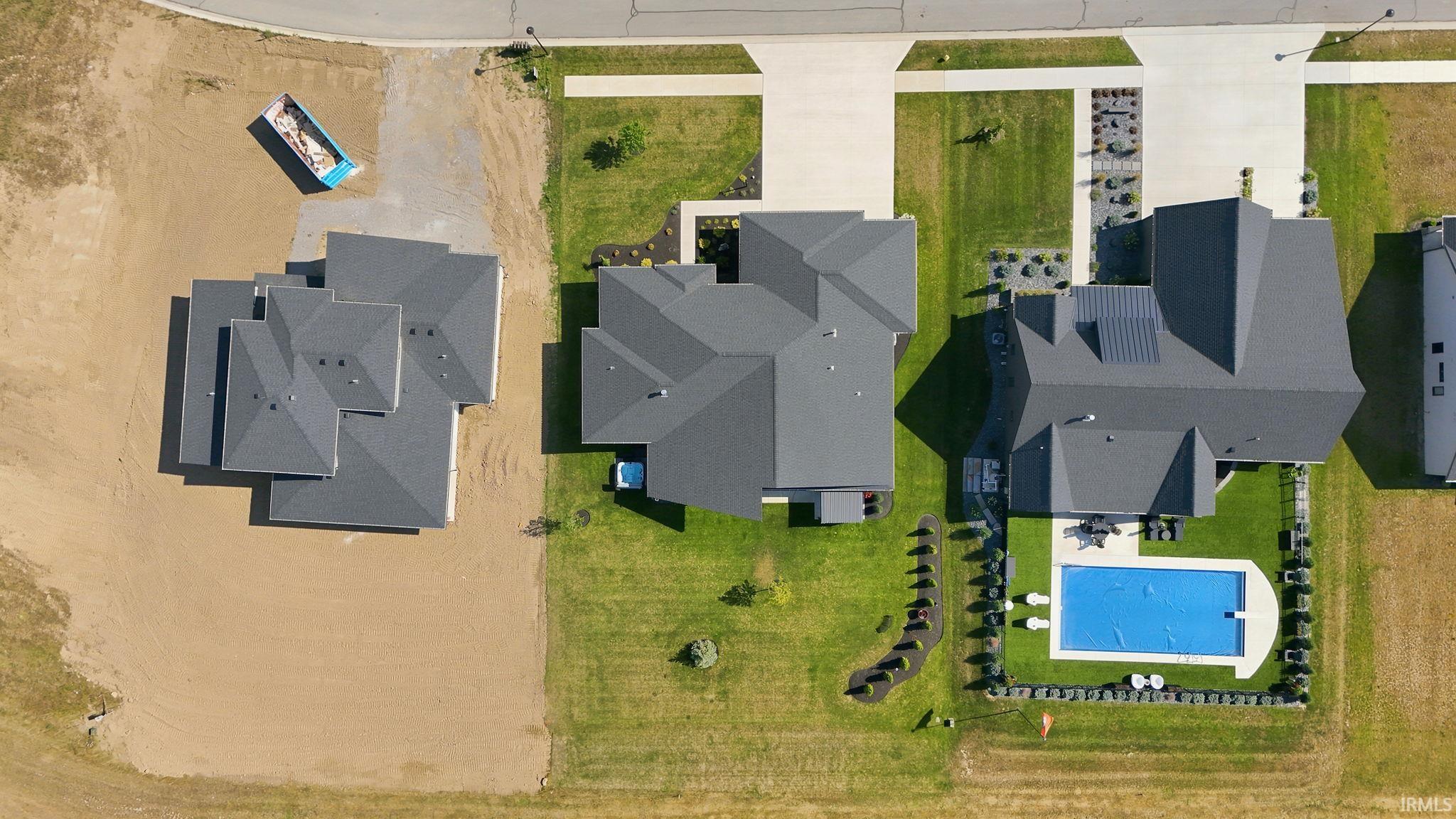 Expansive property featuring a rectangular pool with a cover, surrounded by a manicured lawn and mature landscaping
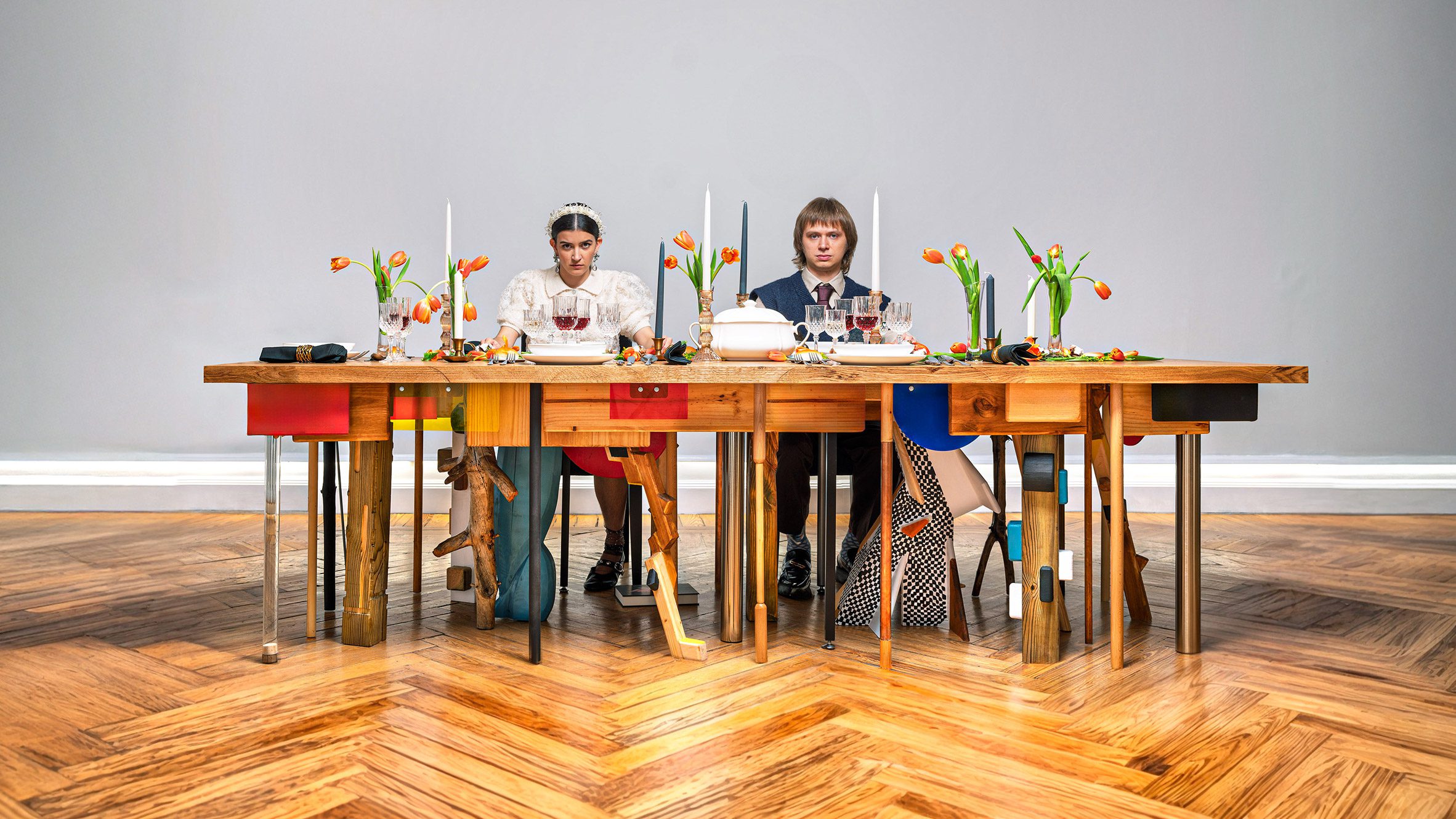 https://static.dezeen.com/uploads/2024/12/capitalism-the-uncomfortable-table-madrid-hero_dezeen_2364_col_0.jpg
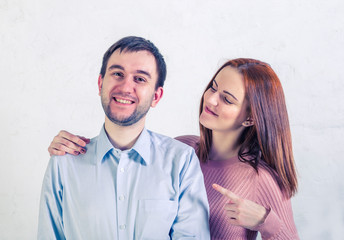 man smiles showing his teeth, the girl shows him her finger and looks at him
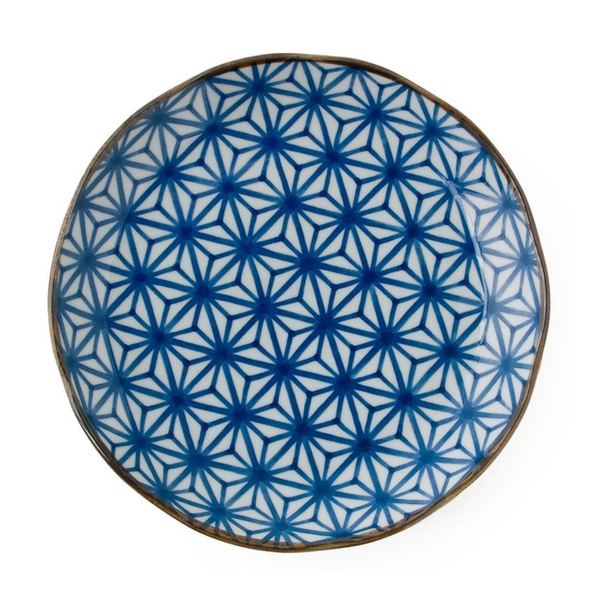 Ceramic plate with blue geometric pattern on a white background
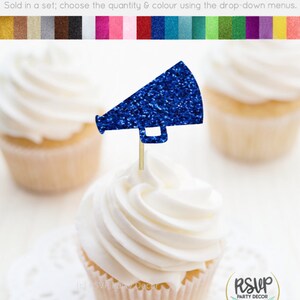 May include: A cupcake topped with a blue glitter megaphone-shaped food pick. The cupcake has white frosting and sits on a white doily. The image includes other cupcakes and a color palette.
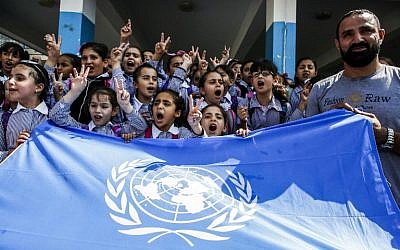Des écoliers palestiniens chantent des slogans et font le signe de la victoire devant le drapeau de l'ONU lors d'une manifestation organisée le 5 septembre 2018 dans le camp de réfugiés d'Arroub, près de Hébron, en Cisjordanie, dans une école financée par les États-Unis, qui a été construite sous les auspices de l'UNRWA. (Crédit : AFP PHOTO / HAZEM BADER)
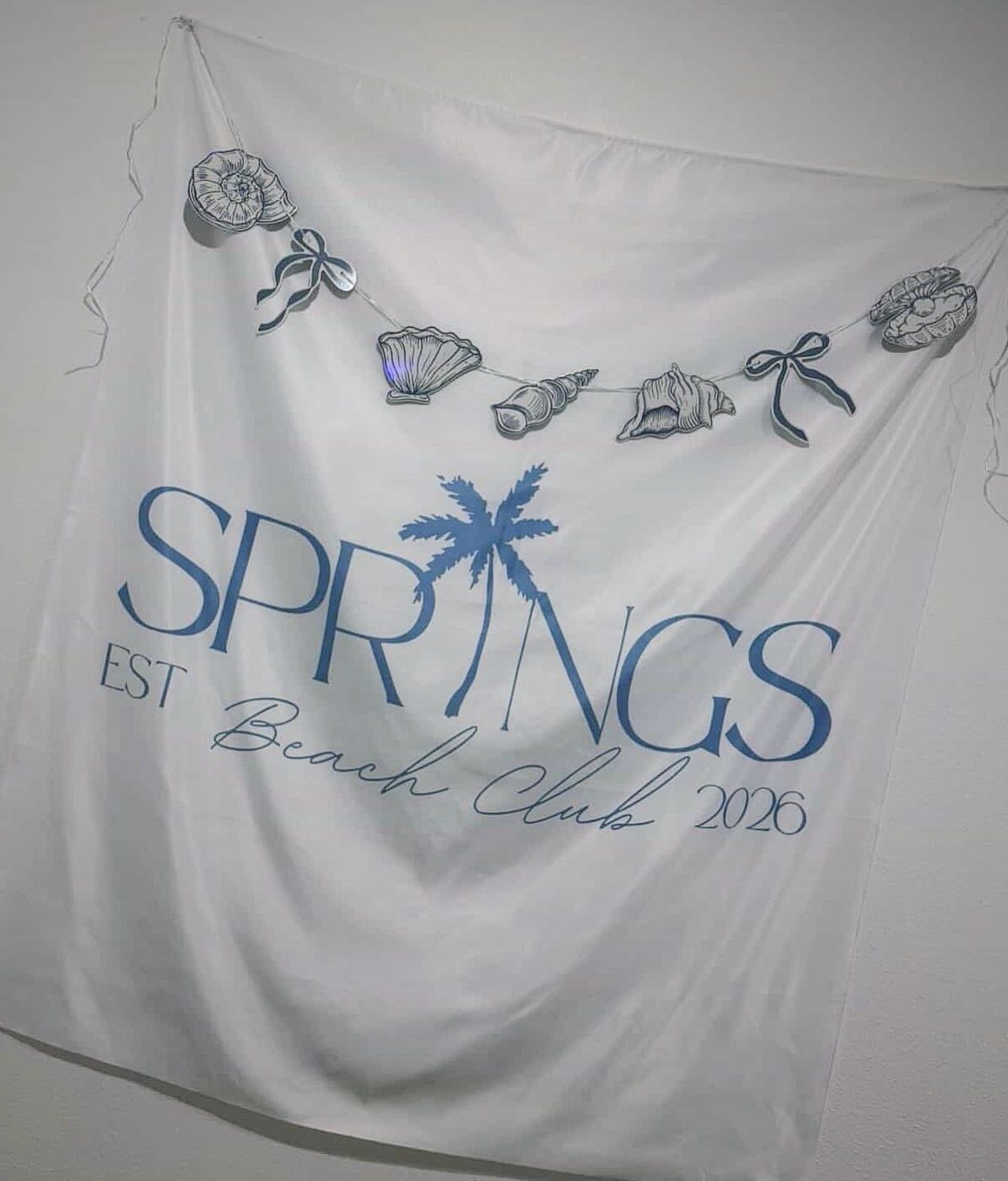 Springs Beach Club fabric banner with shells and palm
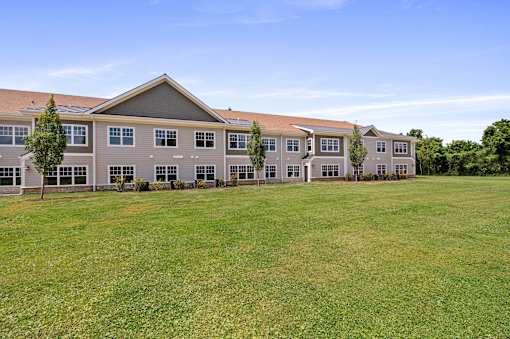 A large grassy field in front of a building with a brown roof.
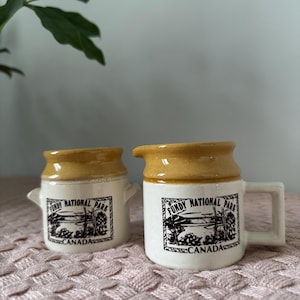 May include: Two small, vintage ceramic cream jugs. The jugs are white with a tan rim and handle. Each jug has a black and white graphic of Fundy National Park, Canada, with the text "Fundy National Park Canada".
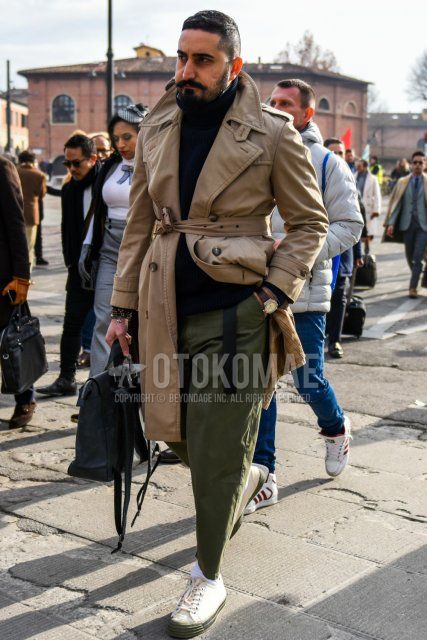 Men's fall/winter coordinate and outfit with plain beige trench coat, plain black turtleneck knit, plain olive green chinos, plain white socks, and white low-cut sneakers.
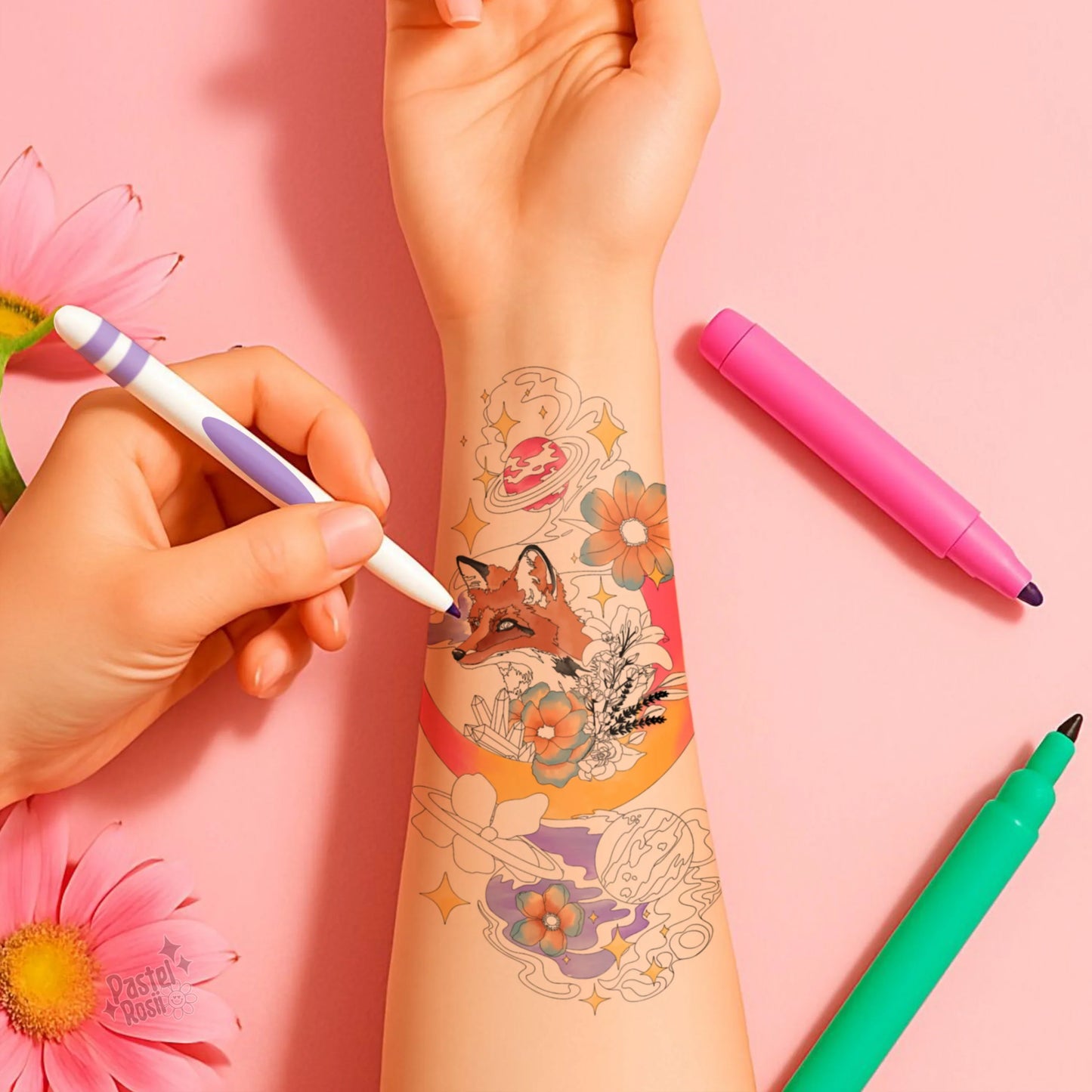 Colorful temporary tattoos being applied to a person's arm with tattoo pens on a pink background.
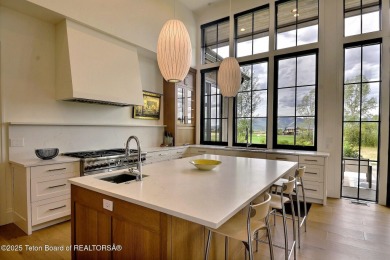 This Modern Masterpiece transcends ordinary luxury with sleek on Teton Springs Resort and Club in Idaho - for sale on GolfHomes.com, golf home, golf lot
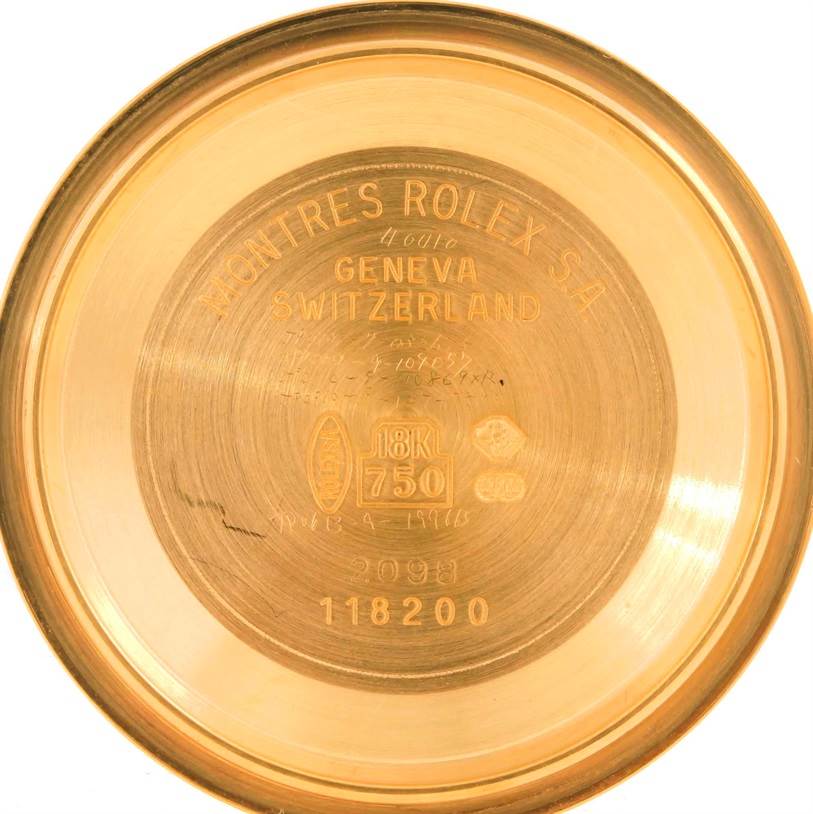 The image shows the engraved interior of the case back of a Rolex President 118238 Men's Yellow Gold Silver Dial 118238 Men's Yellow Gold Silver Dial model watch.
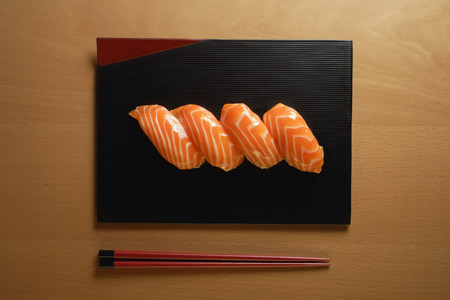 Four pieces of Salmon Sushi, nigiri on rice ball, chopsticksの写真素材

**WHAT THIS TASK INVOLVES**. Return exactly the stretch above whose first line contains "Des écoliers palestiniens" and whose last line contains "May include: Two", and nothing outside it. The pictures should not appear.

**SOLUTION TO THIS EXERCISE**.
Des écoliers palestiniens chantent des slogans et font le signe de la victoire devant le drapeau de l'ONU lors d'une manifestation organisée le 5 septembre 2018 dans le camp de réfugiés d'Arroub, près de Hébron, en Cisjordanie, dans une école financée par les États-Unis, qui a été construite sous les auspices de l'UNRWA. (Crédit : AFP PHOTO / HAZEM BADER)
 Springs Beach Club fabric banner with shells and palm
 A large grassy field in front of a building with a brown roof.
 May include: Two small, vintage ceramic cream jugs. The jugs are white with a tan rim and handle. Each jug has a black and white graphic of Fundy National Park, Canada, with the text "Fundy National Park Canada".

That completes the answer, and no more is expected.